I collect all kind of jars(pickle, mayo,olive)(the large glass and plastic ones with screw on lids)for storage...(Pitch in a oxgen asorber).Also regular size peanut jars are good for storage of odds and ins(heirloom seeds,bandaids,etc.)Those little packets of salt& pepper,mustard,mayo,wrapper toothpicks too.


----------



## Ezmerelda (Oct 17, 2010)

HoppeEL4 said:


> Speaking of stuff you find and keep. I was watching that "Hoarders" show....you know one of my first thoughts are when they show someone with just a lot of stuff (not filthy garbage or rotten food, that's nasty) on _*their property*_, I think "why are they bothering these people about what's on their property? So then I start thinking of all the things they have and a lot of time its junk metal, truck trailers, etc...and think what great resources those are and what a shame it is they were being just tossed on this show....Is that just me that finds that show odd in that they get into someones business on what someone has on their property and why they just toss it all when they do?


This post is exactly what I wanted discussed on this thread: http://www.preparedsociety.com/forum/f26/hoarding-buried-alive-brainwashing-8006/. Unfortunately, only a few people got where I was coming from - most of them were too hung up on the mental health diagnosis, and the grossest episodes, to see my point.


----------



## Grimm (Sep 5, 2012)

seanallen said:


> Not only firewood. They are good for arts and crafts mtls, small handyman jobs etc. Whenever i get done w a big job here at the casa i sort through the cutoffs and usually keep a few pcs. Almost always wind up needing them for this n that.


I keep reminding my DH to grab any useable wood or scrap. We have a shelving unit in our garage that is made out of scrap metal studs and cast off plywood.


----------



## seanallen (Nov 13, 2012)

Grimm said:


> I keep reminding my DH to grab any useable wood or scrap.

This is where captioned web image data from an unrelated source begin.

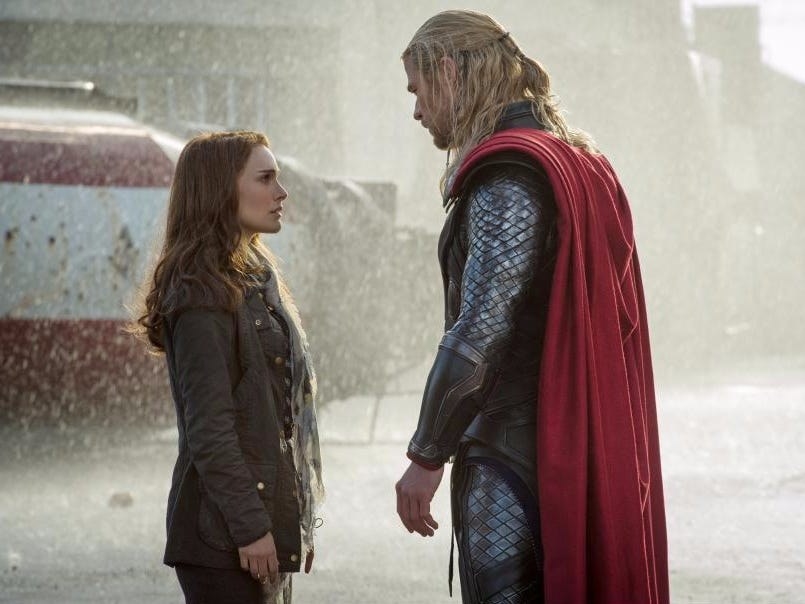 Chris Hemsworth as Thor and Natalie Portman as Jane looking at each other while standing in the rain.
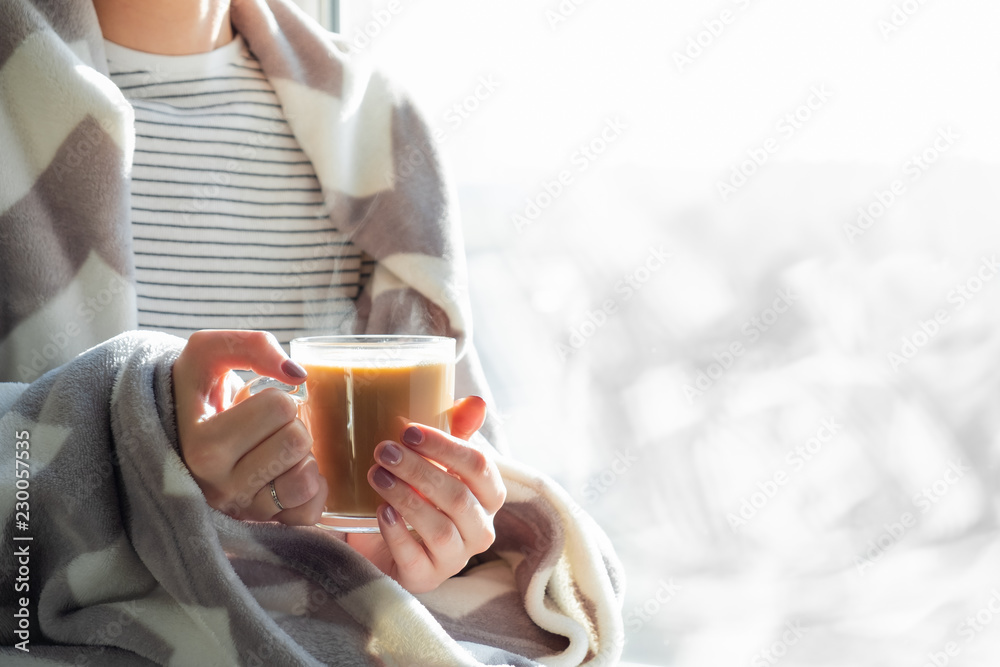 Woman's hands holding hot steaming drink. Female covered in throw blanket sits by the window with cup of hot cocoa Woman's hands holding hot steaming drink. Female covered in throw blanket sits by the window with cup of hot cocoa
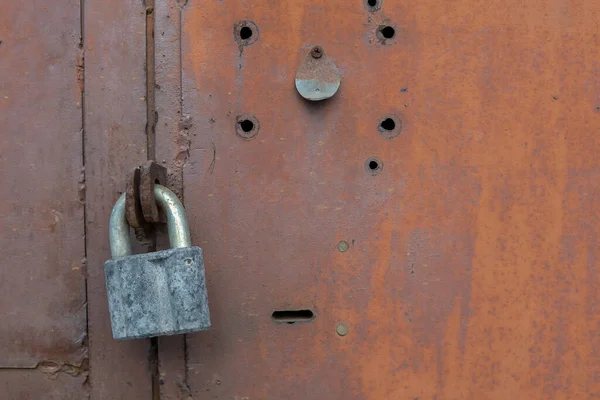 Kapıda eski kilit var. Eski bir çiftlik evinin kapısına kilit vurun. Gerçek köy tarzı. Yakın plan. Kilide odaklan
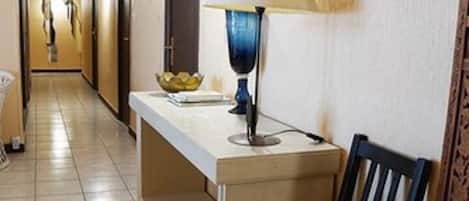 Un couloir d’hôtel avec un comptoir de réception, une chaise, une lampe, un tableau encadré et une porte.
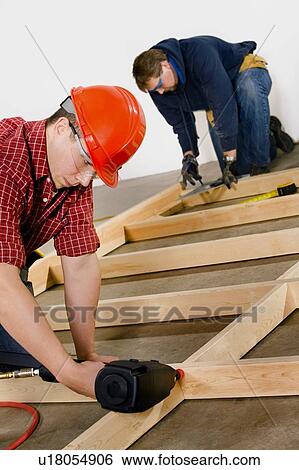 Carpenters building a frame View Large Photo Image Stock Photograph - Carpenters building a frame. Fotosearch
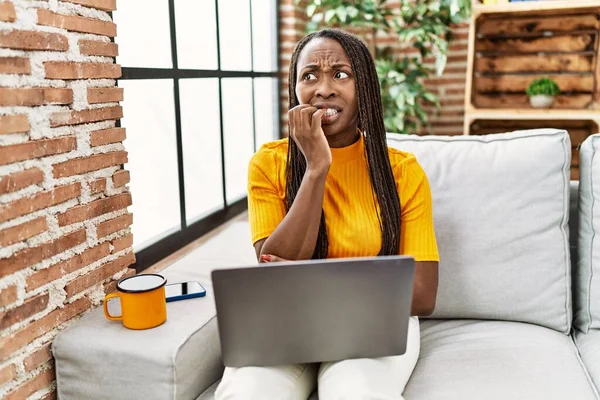 Африканская Женщина Сидит Диване Используя Ноутбук Дома Выглядит Напряженным Нервным — стоковое фото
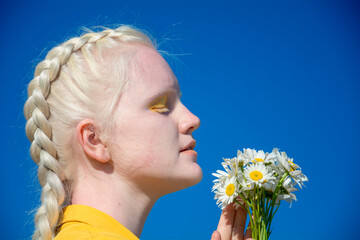 A young albino woman in a yellow blouse against a blue sky. holding a bouquet of daisies in her...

We have a shelving unit in our garage that is made out of scrap metal studs and cast off plywood.


If he has access to extra or scrap metal, i would suggest he grab as much as he can. Not for scrap money, but for future fabrications. I spent 15 years in the welding/fab biz, had hundreds of opportunities to stock up on materials. Now that im out of the biz, im constantly needing mtls for this or that on my little side projects. Im not willing to pay retail prices, so the only mtl i get is off of jobs or dumpsters.


----------



## Justaguy987 (Mar 2, 2013)

This would be my avatar picture if it would show up better so small.


----------



## cowboyhermit (Nov 10, 2012)

At the same time a person shouldn't discount selling things for scrap either, steel doesn't pay a fortune but still it is cash. For instance people would roll up barbwire around here and just throw it on a pile or also things like rusty nails and stuff. If you load up a trailer you can get a decent cheque then buy some "scrap" that is much more usable, a lot of yards will sell pipe, tubing, or sheet for just above scrap prices.
Of course any other metal will be worth more, copper, aluminum, lead. Last summer I sold a level, short truck box of batteries for well over $1000


----------



## HoppeEL4 (Dec 29, 2010)

Slicks....funny, out here we call them "stickers" (not sure why). At first I was trying to envision what a slick was...then I had to think hard and realized out here it was a sticker. 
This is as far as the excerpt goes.